→ GIVEN DATA
────────────────────
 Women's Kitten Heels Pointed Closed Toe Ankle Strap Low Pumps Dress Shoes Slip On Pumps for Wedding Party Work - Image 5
────────────────────
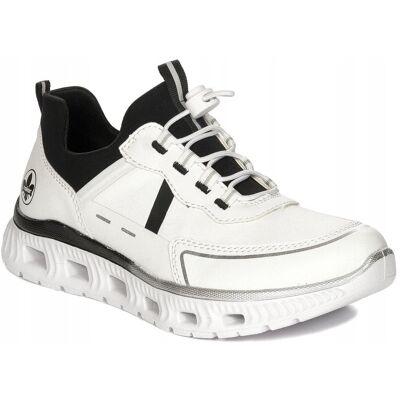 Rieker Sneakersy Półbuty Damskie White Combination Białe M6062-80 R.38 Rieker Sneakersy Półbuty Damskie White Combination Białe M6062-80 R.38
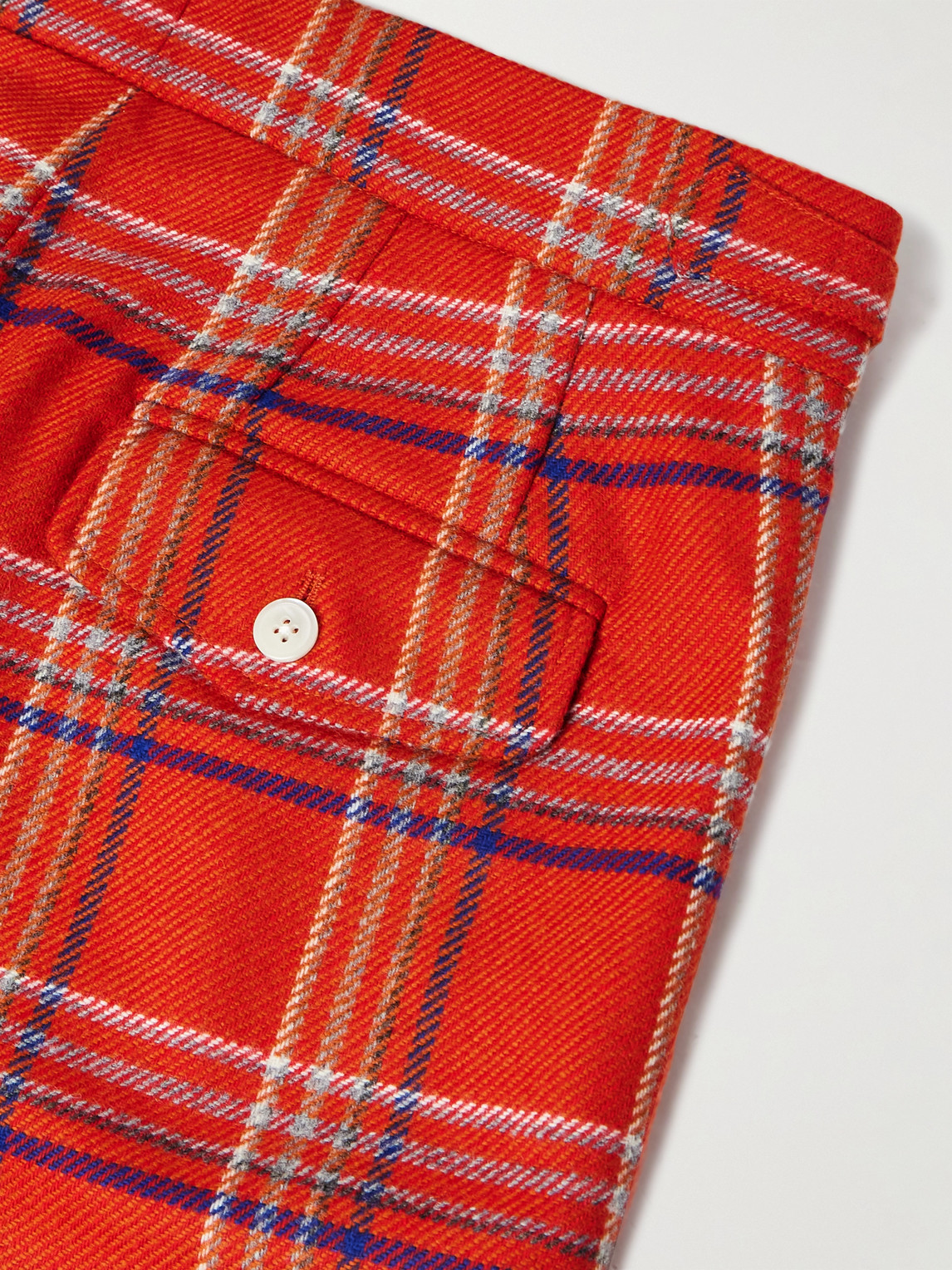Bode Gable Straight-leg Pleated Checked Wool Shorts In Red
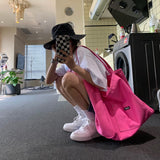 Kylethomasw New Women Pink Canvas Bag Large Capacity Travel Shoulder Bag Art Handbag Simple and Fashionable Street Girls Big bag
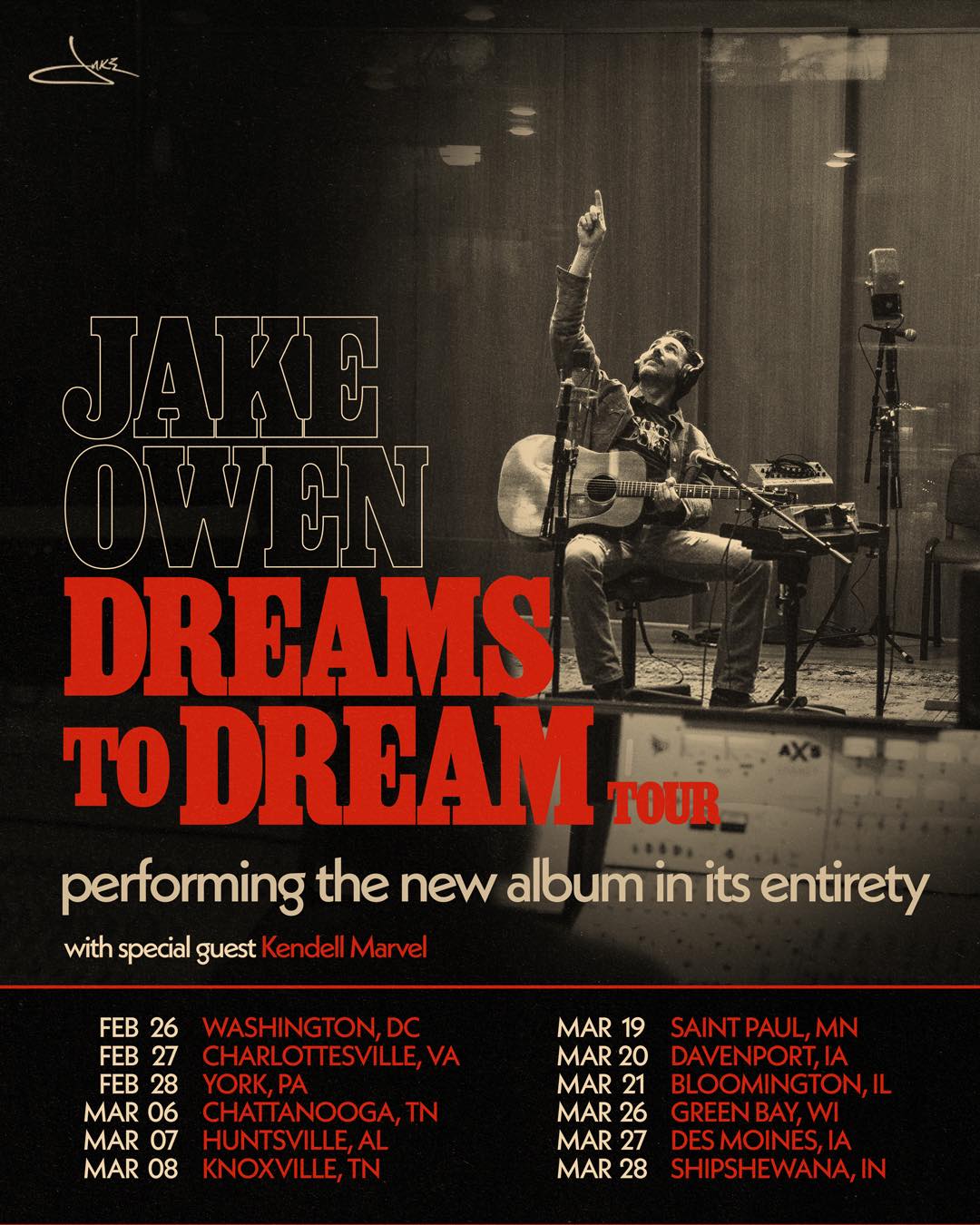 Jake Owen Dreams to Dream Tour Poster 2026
────────────────────
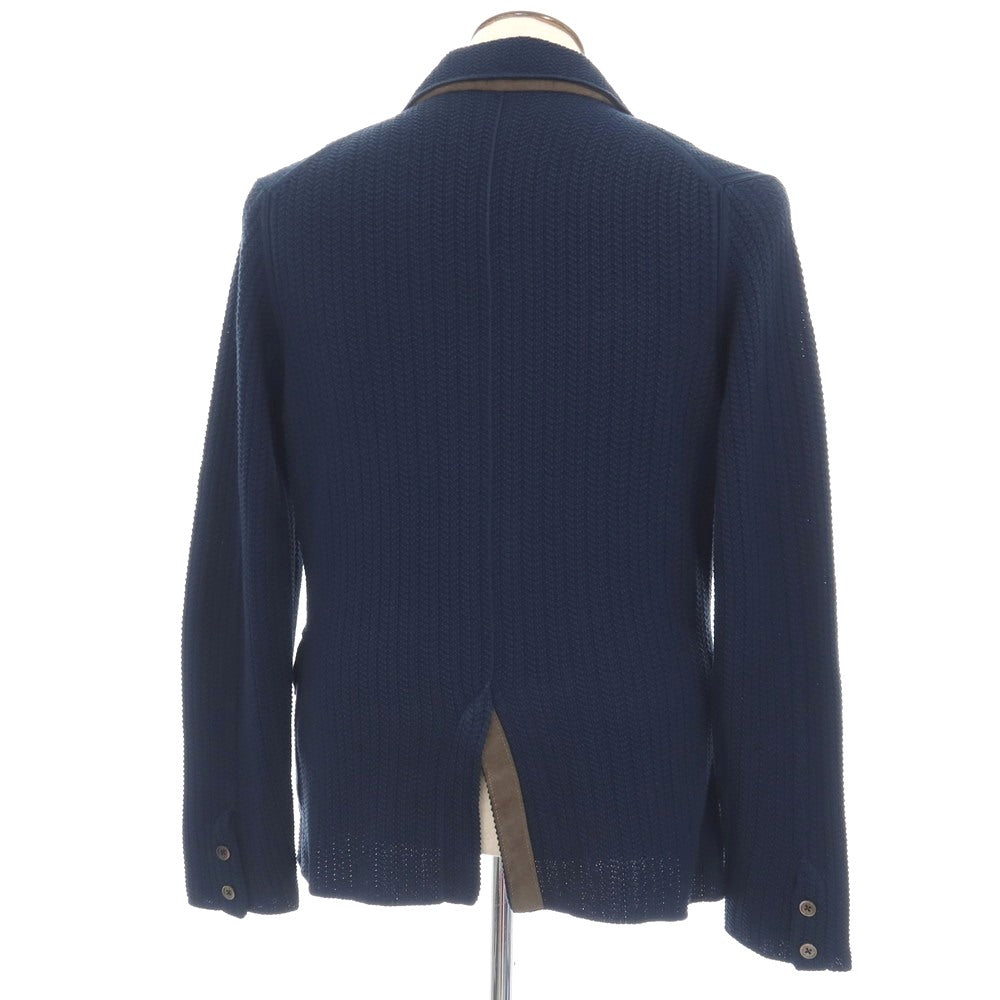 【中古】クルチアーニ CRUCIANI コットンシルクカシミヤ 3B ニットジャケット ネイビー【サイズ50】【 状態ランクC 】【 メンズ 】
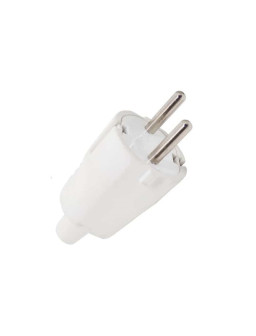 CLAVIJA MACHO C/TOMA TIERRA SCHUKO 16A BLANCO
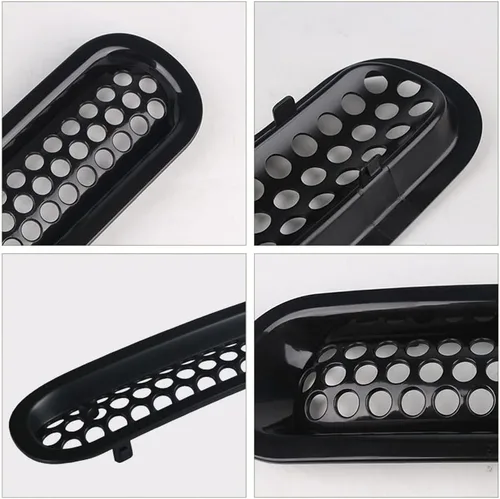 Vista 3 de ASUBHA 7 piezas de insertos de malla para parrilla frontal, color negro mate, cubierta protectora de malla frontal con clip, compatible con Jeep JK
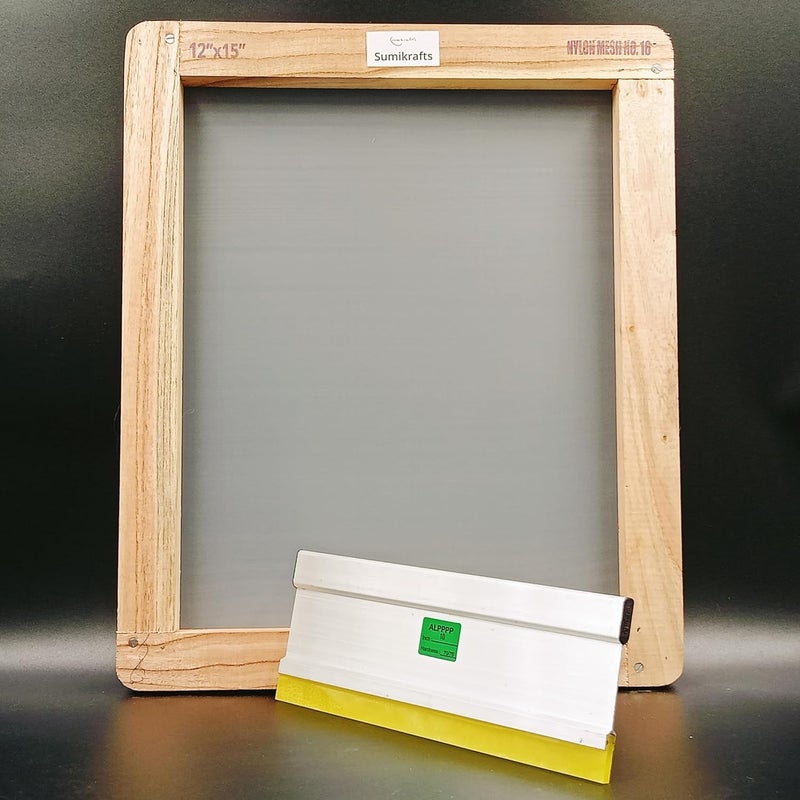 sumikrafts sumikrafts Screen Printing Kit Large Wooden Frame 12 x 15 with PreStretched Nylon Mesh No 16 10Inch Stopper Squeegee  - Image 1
────────────────────
Reproduce exactly the lines above starting at the line containing "M6062-80 R.38 Rieker" and ending at the line containing "Bode Gable Straight-leg", including both, but not the pictures.

 Rieker Sneakersy Półbuty Damskie White Combination Białe M6062-80 R.38 Rieker Sneakersy Półbuty Damskie White Combination Białe M6062-80 R.38
Bode Gable Straight-leg Pleated Checked Wool Shorts In Red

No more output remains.